## PROMPT
Omit every picture while repeating the entries exactly.

++++ RECORDS ++++

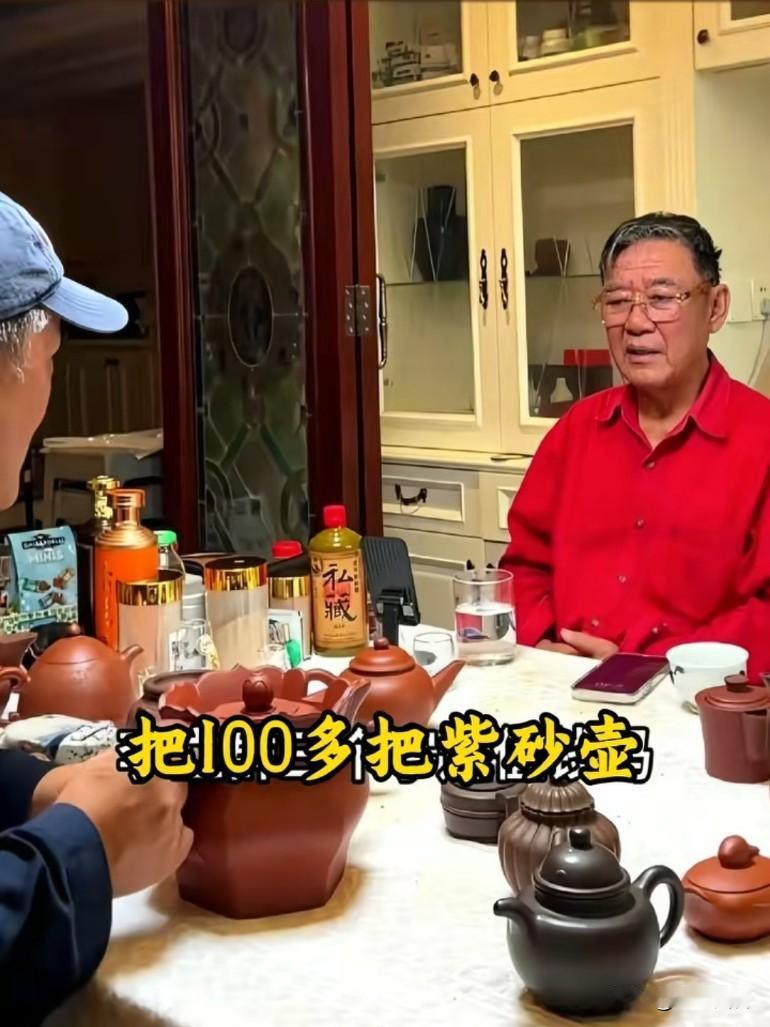 74岁李立群卖100多把紫砂壶，为三个子女操碎心，女儿3000万拍片只卖出2万，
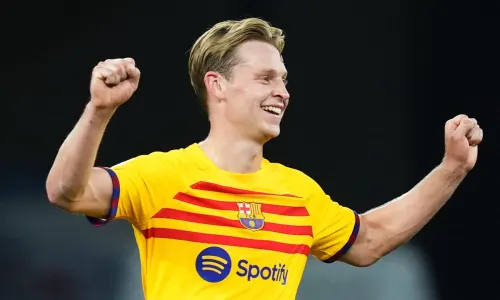 Frenkie de Jong celebrates winning LaLiga with Barcelona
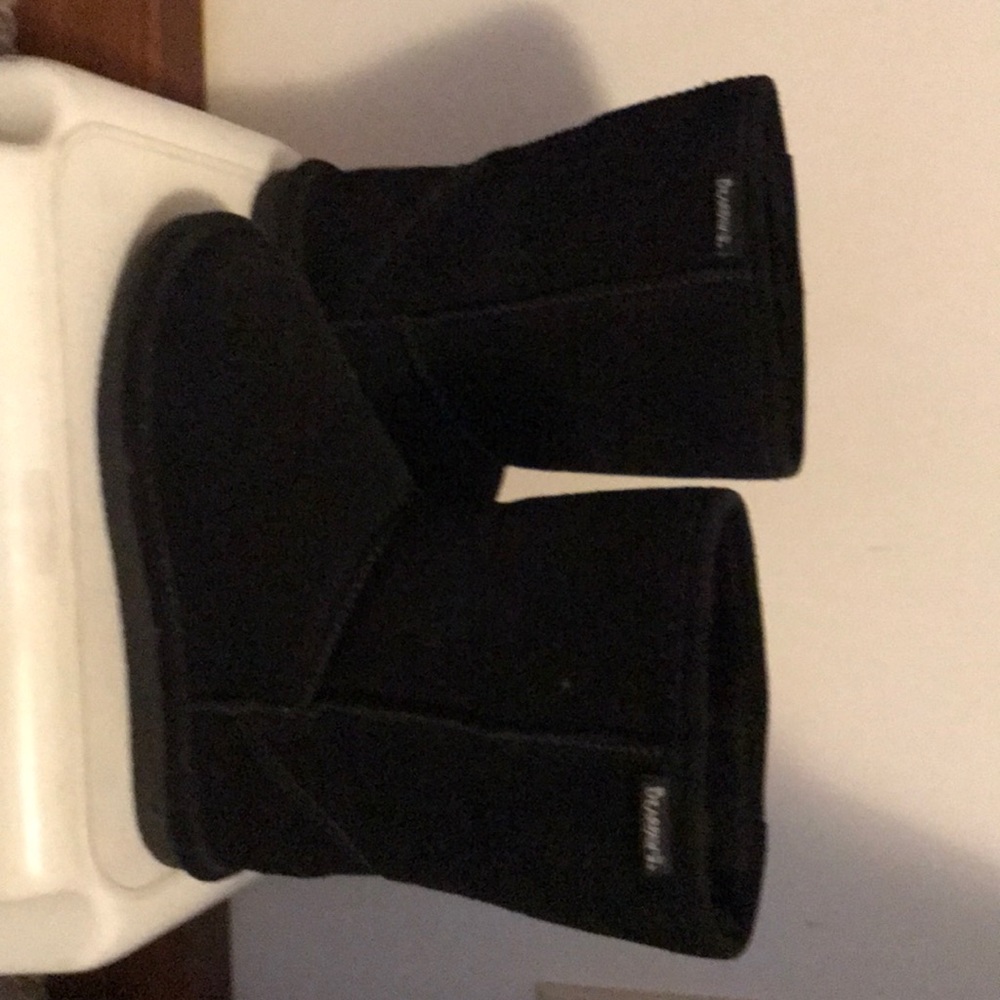 Bearpaw black suede boots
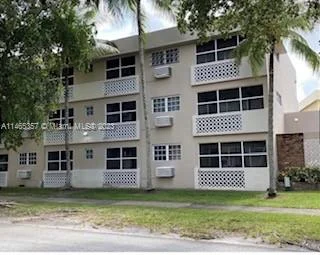 6580 Santona St # A35, Coral Gables FL 33146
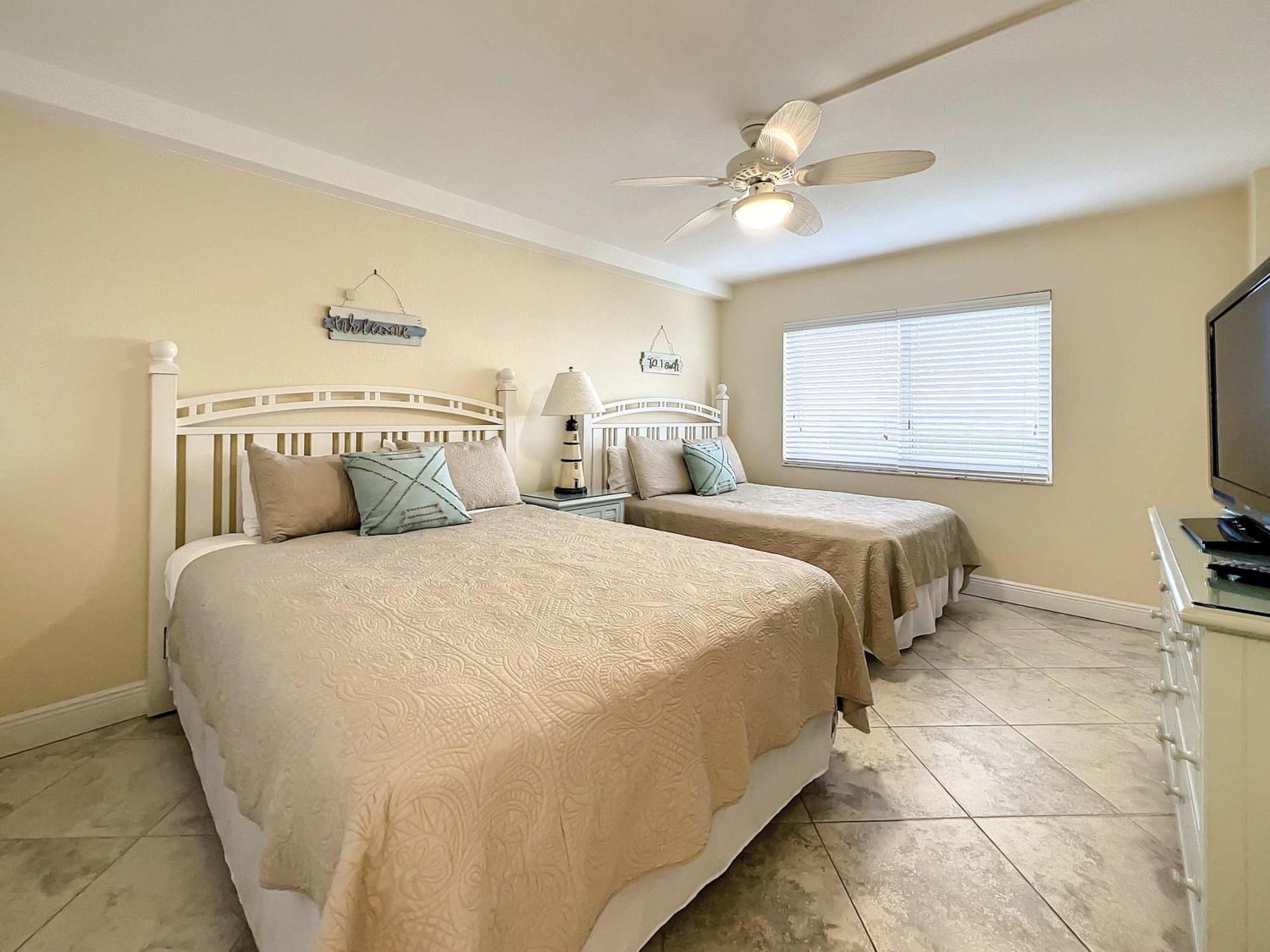 Oceanfront Sleeps 6 Walk To Pool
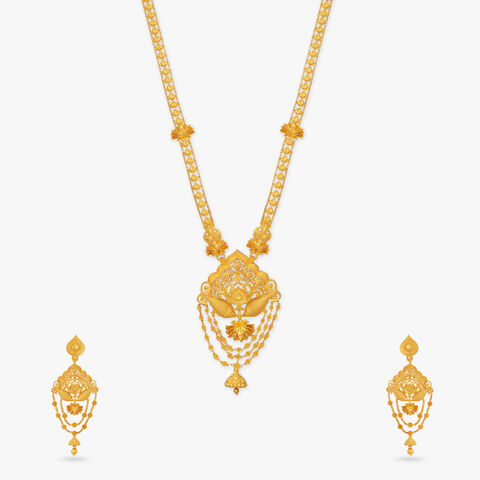 Flared Scallop Gold Necklace Set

++++

## SOLUTION BELOW
 74岁李立群卖100多把紫砂壶，为三个子女操碎心，女儿3000万拍片只卖出2万，
 Frenkie de Jong celebrates winning LaLiga with Barcelona
 Bearpaw black suede boots
 6580 Santona St # A35, Coral Gables FL 33146
 Oceanfront Sleeps 6 Walk To Pool
 Flared Scallop Gold Necklace Set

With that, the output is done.